Conviene tener en cuenta otro fenómeno, que parece reflejarse en las últimas decisiones de Bruselas: la presión inquietante de un aparato militar que se ha incrementado en el curso de la guerra fría, dedicado a preparar la respuesta al ataque de la URSS, y que ahora necesita imperativamente encontrar otros campos para seguir funcionando. Es sabido que la dinámica interna engendrada por aparatos burocráticos o militares puede autoalimentarse hasta extremos perniciosos. Por ejemplo, creer que, ante los principales problemas que se perfilan en el Mediterráneo o en Europa, la acción militar es el mejor remedio sería una aberración. Como dijo recientemente un delegado francés en una reunión dedicada a estudiar la nueva estrategia de la OTAN, "el integrismo islámico no se puede detener con un ejército".
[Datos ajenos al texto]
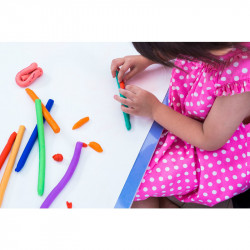 ALPINO KIT PLASTILINA-7... 2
En ese orden resulta preocupante la declaración del secretario general de la OTAN, Wörner, en el sentido de que las unidades de la OTAN podrían actuar "fuera de zona" si los países interesados estuviesen de acuerdo. No parece adecuado que una decisión de tal calibre -que modifica el texto del Tratado de la OTAN ratificado por los parlamentos- pueda adoptarse con motivo de unas discusiones sobre la organización de las fuerzas militares. La conveniencia de mantener la OTAN no se ha puesto en discusión. Pero existe a todas luces un gran retraso en la concertación política, al más alto nivel, sobre el papel que ahora debe desempeñar. Ese vacío no se puede llenar con medidas de estructura militar. Éstas sólo pueden ser aplicación de una orientación política que -sin duda por la dificultad de asumir unos cambios trascendentales e inesperados- aún carece de claridad suficiente.